> **What the exercise asks**
From the line with "Please note that" through the line with "The following demonstrative", inclusive, return each line of the data below exactly and leave the rest out.

> **Data shown**
• • • •

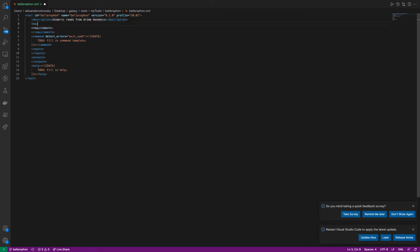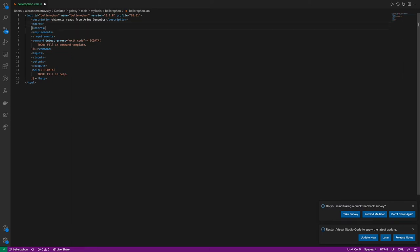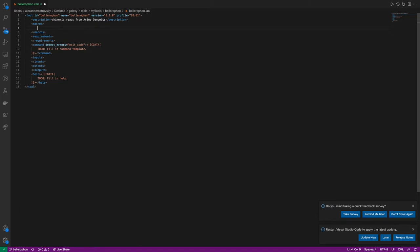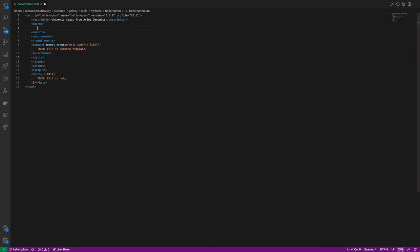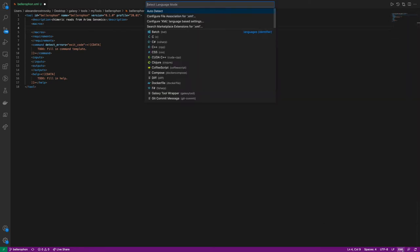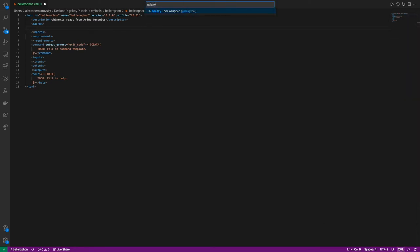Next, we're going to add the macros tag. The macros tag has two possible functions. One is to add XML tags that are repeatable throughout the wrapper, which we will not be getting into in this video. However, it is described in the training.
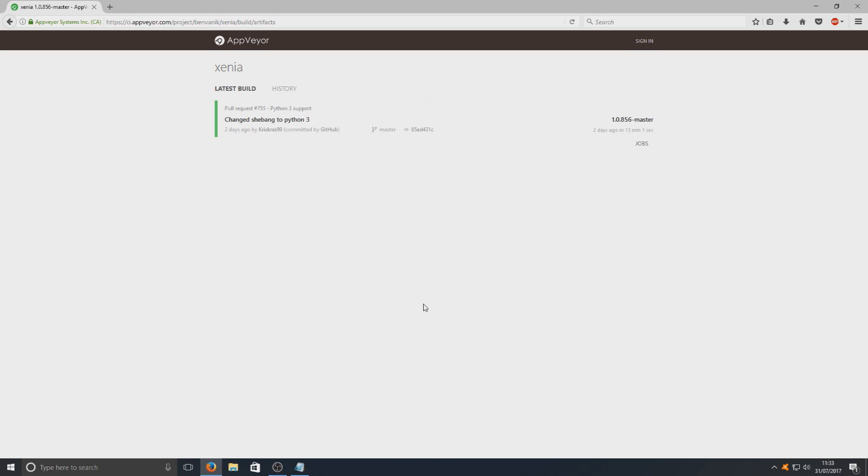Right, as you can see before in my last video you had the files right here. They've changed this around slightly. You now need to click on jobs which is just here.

• • • •

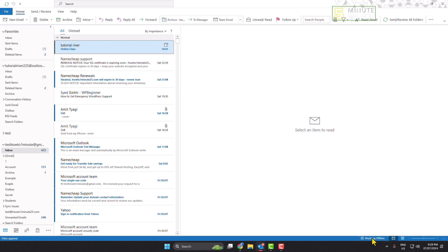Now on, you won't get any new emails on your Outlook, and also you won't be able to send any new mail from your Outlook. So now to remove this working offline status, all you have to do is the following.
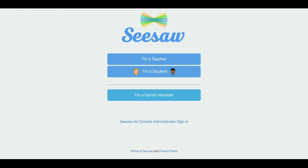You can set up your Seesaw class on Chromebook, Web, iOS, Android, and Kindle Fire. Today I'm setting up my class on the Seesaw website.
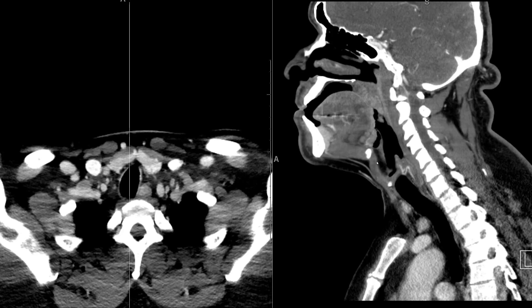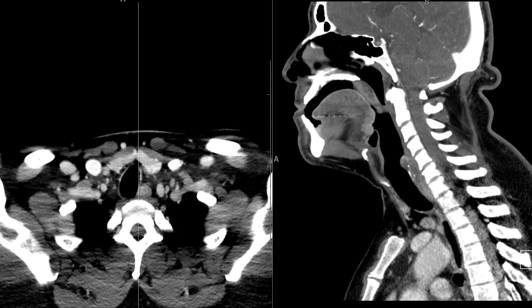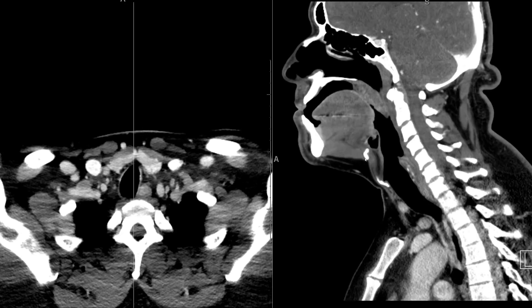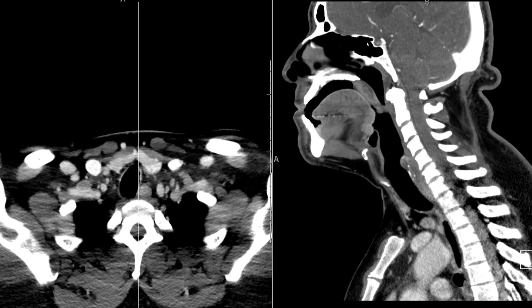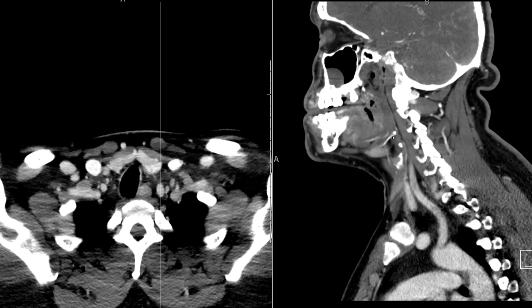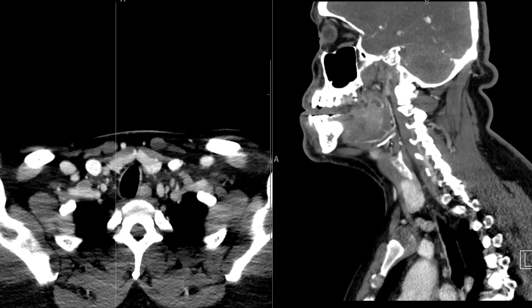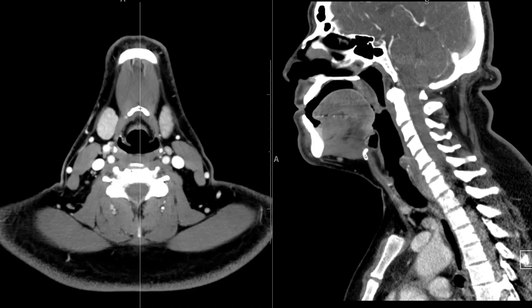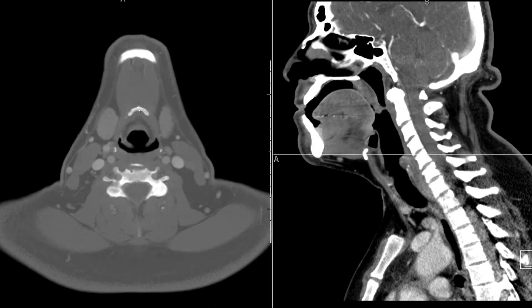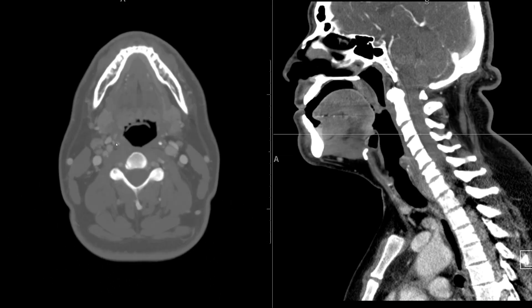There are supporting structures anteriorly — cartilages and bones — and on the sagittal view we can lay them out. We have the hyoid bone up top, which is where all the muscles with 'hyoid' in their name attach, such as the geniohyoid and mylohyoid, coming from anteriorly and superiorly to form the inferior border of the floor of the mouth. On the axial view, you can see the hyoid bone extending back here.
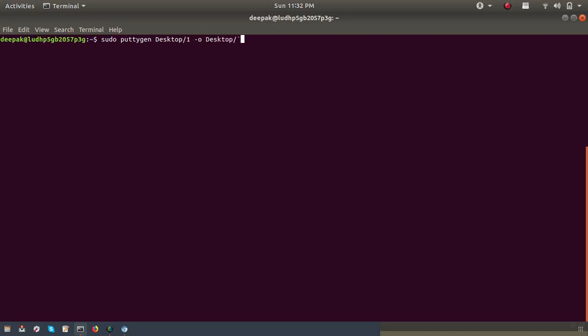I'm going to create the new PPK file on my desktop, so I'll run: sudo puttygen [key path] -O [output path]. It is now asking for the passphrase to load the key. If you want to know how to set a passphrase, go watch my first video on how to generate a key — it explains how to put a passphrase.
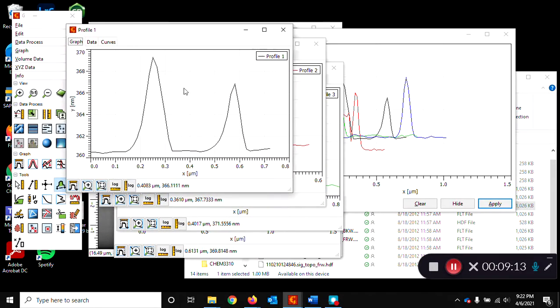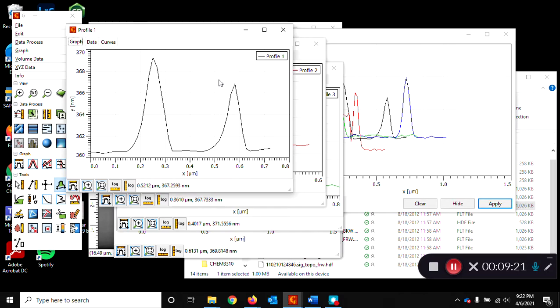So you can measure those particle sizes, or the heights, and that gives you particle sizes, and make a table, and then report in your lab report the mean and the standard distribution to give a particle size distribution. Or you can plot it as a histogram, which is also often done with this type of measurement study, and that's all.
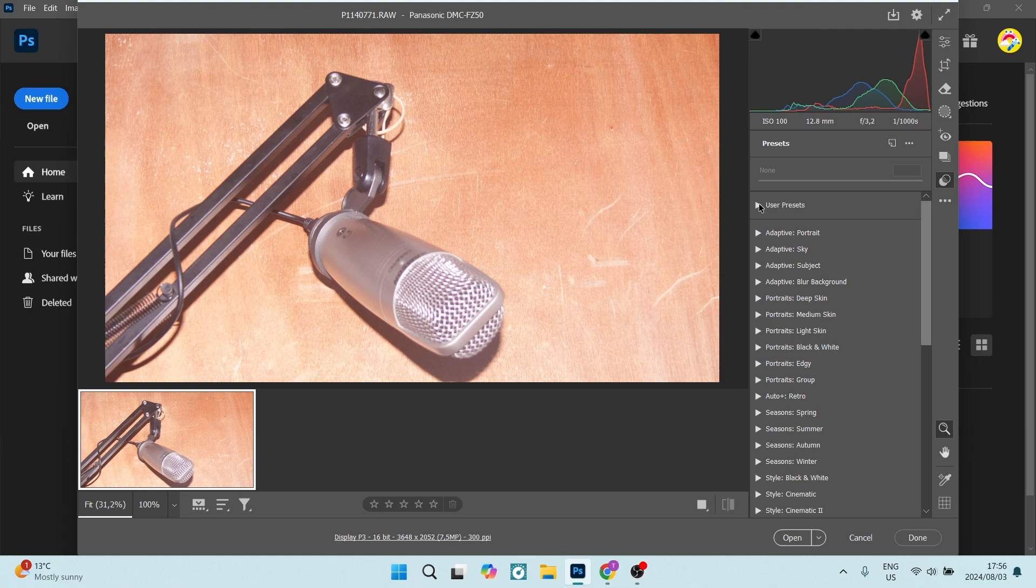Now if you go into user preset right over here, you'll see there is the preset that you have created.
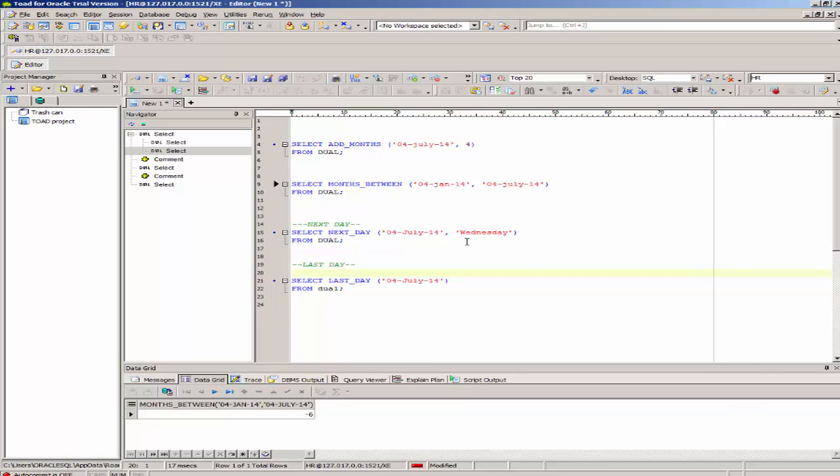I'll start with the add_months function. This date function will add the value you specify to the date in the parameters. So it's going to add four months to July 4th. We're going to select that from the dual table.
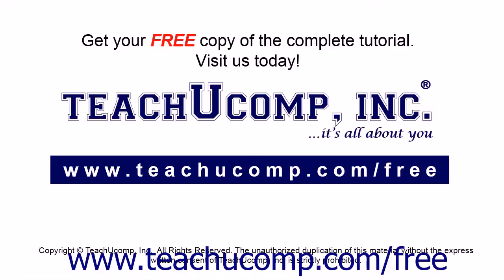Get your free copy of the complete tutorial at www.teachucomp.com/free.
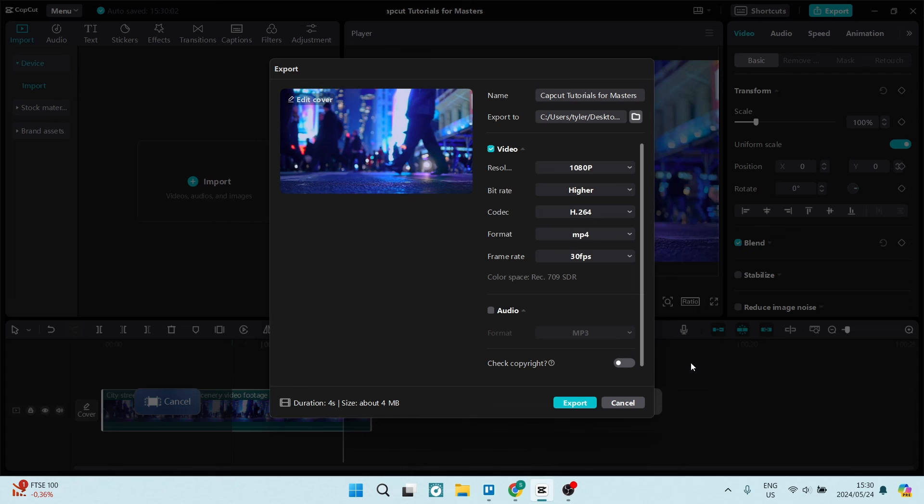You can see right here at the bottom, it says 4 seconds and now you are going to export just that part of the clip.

• • • •

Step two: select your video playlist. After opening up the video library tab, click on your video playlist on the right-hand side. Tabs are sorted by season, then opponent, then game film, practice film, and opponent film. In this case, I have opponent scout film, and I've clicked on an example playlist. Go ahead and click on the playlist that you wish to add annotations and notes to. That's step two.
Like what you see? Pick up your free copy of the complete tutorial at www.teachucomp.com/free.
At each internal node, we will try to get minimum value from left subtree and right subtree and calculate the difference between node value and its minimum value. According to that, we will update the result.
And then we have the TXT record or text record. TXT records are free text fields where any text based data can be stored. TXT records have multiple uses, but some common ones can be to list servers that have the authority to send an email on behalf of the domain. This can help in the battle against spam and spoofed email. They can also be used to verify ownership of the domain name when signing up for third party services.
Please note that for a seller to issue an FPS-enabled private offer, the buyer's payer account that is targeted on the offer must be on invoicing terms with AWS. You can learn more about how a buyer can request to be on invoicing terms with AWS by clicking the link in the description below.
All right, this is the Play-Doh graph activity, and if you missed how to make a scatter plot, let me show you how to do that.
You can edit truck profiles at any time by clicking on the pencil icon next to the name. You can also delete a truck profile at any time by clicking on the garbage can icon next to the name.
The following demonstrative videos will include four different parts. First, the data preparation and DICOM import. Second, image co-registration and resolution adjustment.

• • • •

> **Your response**
Please note that for a seller to issue an FPS-enabled private offer, the buyer's payer account that is targeted on the offer must be on invoicing terms with AWS. You can learn more about how a buyer can request to be on invoicing terms with AWS by clicking the link in the description below.
All right, this is the Play-Doh graph activity, and if you missed how to make a scatter plot, let me show you how to do that.
You can edit truck profiles at any time by clicking on the pencil icon next to the name. You can also delete a truck profile at any time by clicking on the garbage can icon next to the name.
The following demonstrative videos will include four different parts. First, the data preparation and DICOM import. Second, image co-registration and resolution adjustment.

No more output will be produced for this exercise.